In Missoula, they stopped at a coffee shop for a late lunch. While John figured out how to get a tip to the people where it would do some good, his gaze never strayed far from Paige, who had found a power outlet and was busily booting up her laptop.

Had he ever cared about a woman the way he was beginning to care for her? Had anyone ever been as good a friend or lover, been as generous as she was? And what had he given her in return?

Well, he’d almost gotten her stabbed, shot, mutilated, her sister hurt, her old boyfriend mugged, and look at the way she kept glancing at the door as though waiting for a killer to walk through it with a pronounced limp and a missing finger.

All thanks to him.

He had to figure this out, get his memory back and reassure himself he was exactly the man he hoped he was minus all the confusion and doubts. He wanted reasonable explanations for his bizarre dreams and seemingly shady behavior. He wanted to find out if he and Paige could build something together that wasn’t fueled by mutual terror.
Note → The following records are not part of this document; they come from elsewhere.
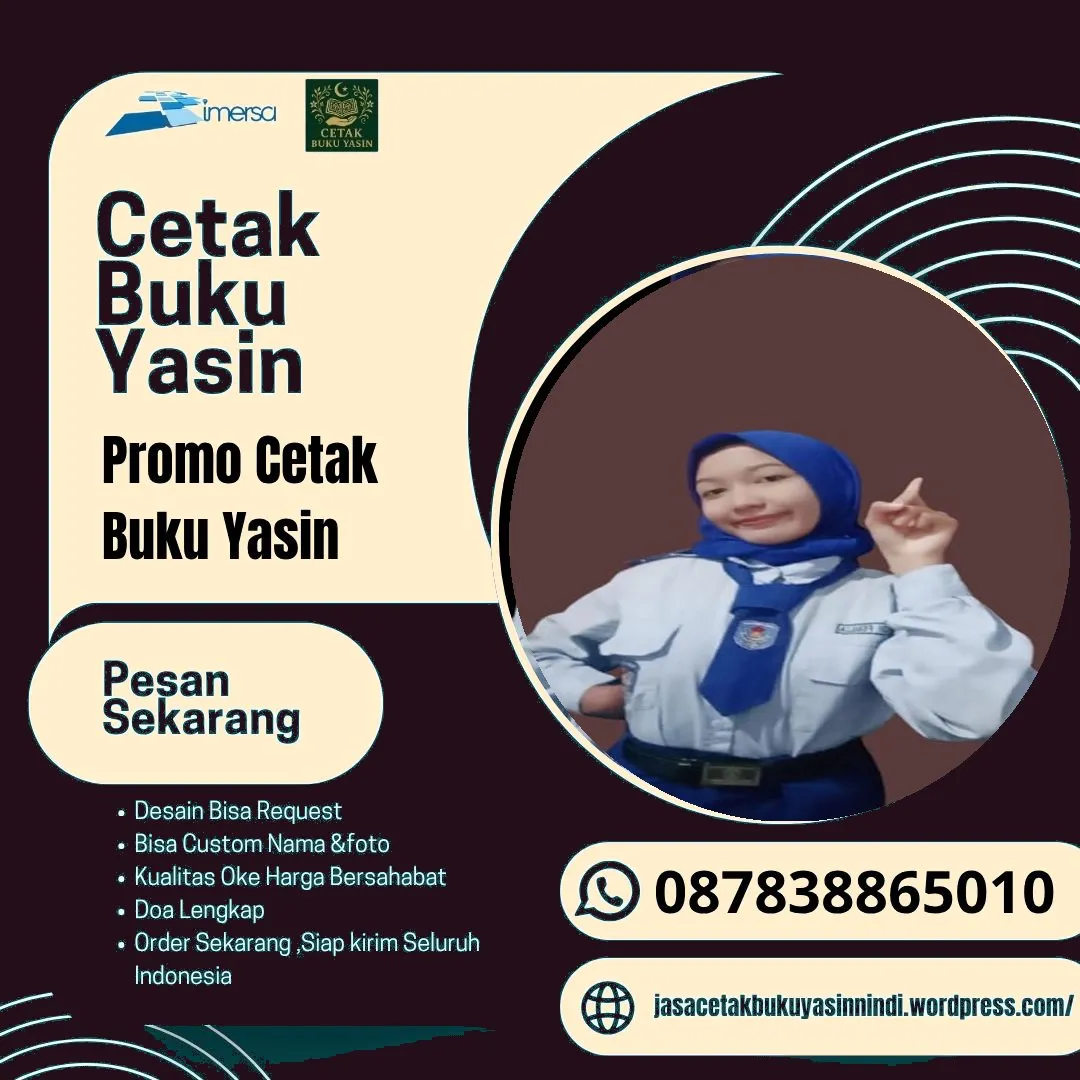 Harga Cetak Buku Yasin Jakarta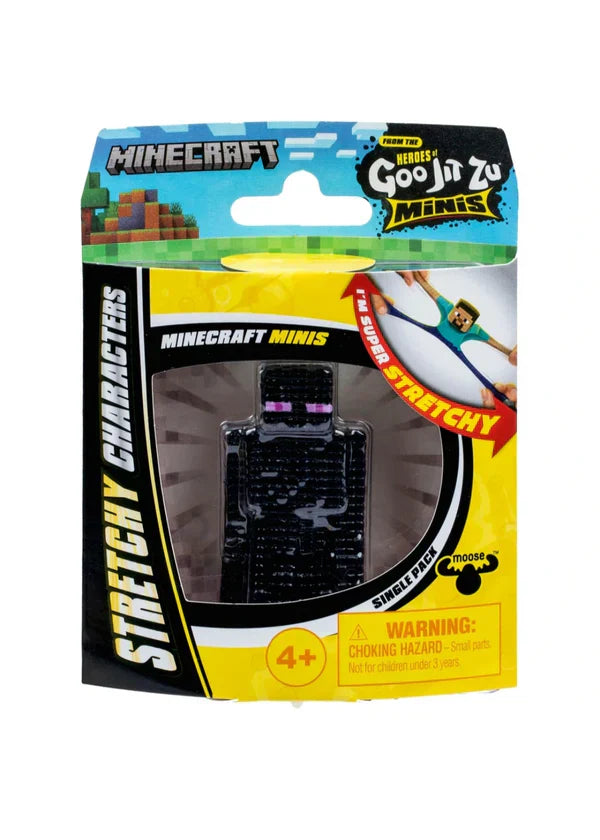 Heroes of Goo Jit Zu Minecraft Mini Stretchy Action Figure – Assorted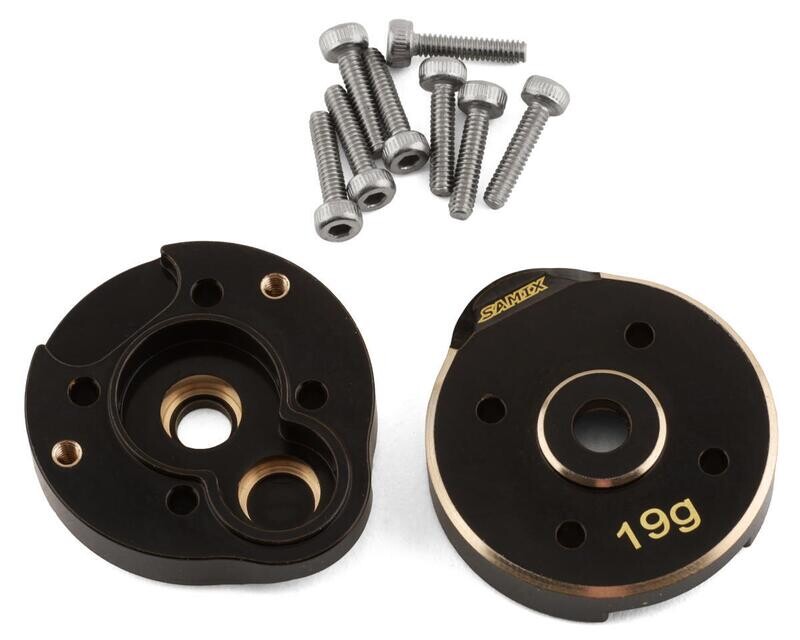 Samix FCX24 Brass Portal Cover (2) (19g) - SAMFCX24-4012A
When he completed his call, he returned to the table. She tore her gaze from the door and looked up at him, producing a smile. “Good news. Kanistan does not require a visa. We have two tickets to New York and connecting flights to Kanistan. Only one plane a day goes there and it leaves New York at midnight, so connecting flight times are going to be tight. Bad news. We either return the very next day or we stay a week. I booked the next day.”

“That probably explains my short visit last time,” John said, not voicing his first thought, and that was if he was still wanted for murder, it was likely they’d never even make it to New York, let alone Kanistan. His stomach knotted at the thought of being taken into custody, or maybe it knotted because he was allowing Paige to travel with him and who knew what they would find—or who would find them. Instead, he said, “One day should be enough. This is the end of the road for me. I feel it coming to a head. I either find out the truth or I go to the cops.”

“I looked up news in Lone Tree, as well,” she continued. “The paper said the body of a retired fire chief was found in the residence of John Cinca. They also mentioned the gunfire and all that. Speculation is that you’re dead.”

“They’ll find Korenev’s fingerprints somewhere in that place,” John said. “I’m beginning to believe I may not rot in jail, after all.”

They ate sandwiches in a hurry, then made their way to the airport, where they parked Paige’s car in long-term parking in case they had trouble getting back to it. They stuck all their gear except for an overnight bag in the trunk, including John’s weapon.

Once inside the terminal, Paige called her sister, who didn’t answer her phone, and then tried Matt. He also didn’t answer. John spent the time on the lookout for security officers or anyone else who paid him undo attention.

As Paige pocketed her phone, he noticed she looked upset. Once again, he sought to set her free of this crazy ride-along role she’d taken with such conviction. “It’s okay if you go home,” he said.

She looked at him as though startled from thought. “What?”

“Home. If you need to go home, go. I’ll take care of Kanistan and you take care of your family. I’ll call you when I get there and tell you what I find—”

“Hold that thought,” Paige said. “Why didn’t I think to call home? As in my mother, I mean. She should be home.”

Paige pulled out her cell again and made the call, relief evident in her voice as she launched into a conversation with someone, probably her mother.

When she hung up a couple of minutes later, she gave a brief report. “Mom hasn’t seen Katy in a few days but didn’t expect to because of the move. She says no news is good news and she’ll go check on her at her new place tomorrow and call me back. Oh, and she’s devastated for me about what happened at the wedding and wants me to come home so the two of us can go over to Brian’s place and tell Jasmine what we think of her. And lastly, her current boyfriend asked her to marry him yesterday and she said yes and wants me to be maid of honor—again.”

“She sounds like a character,” John said.

“That’s one way to put it. Okay, now tell me what we’re going to do in Kanistan.”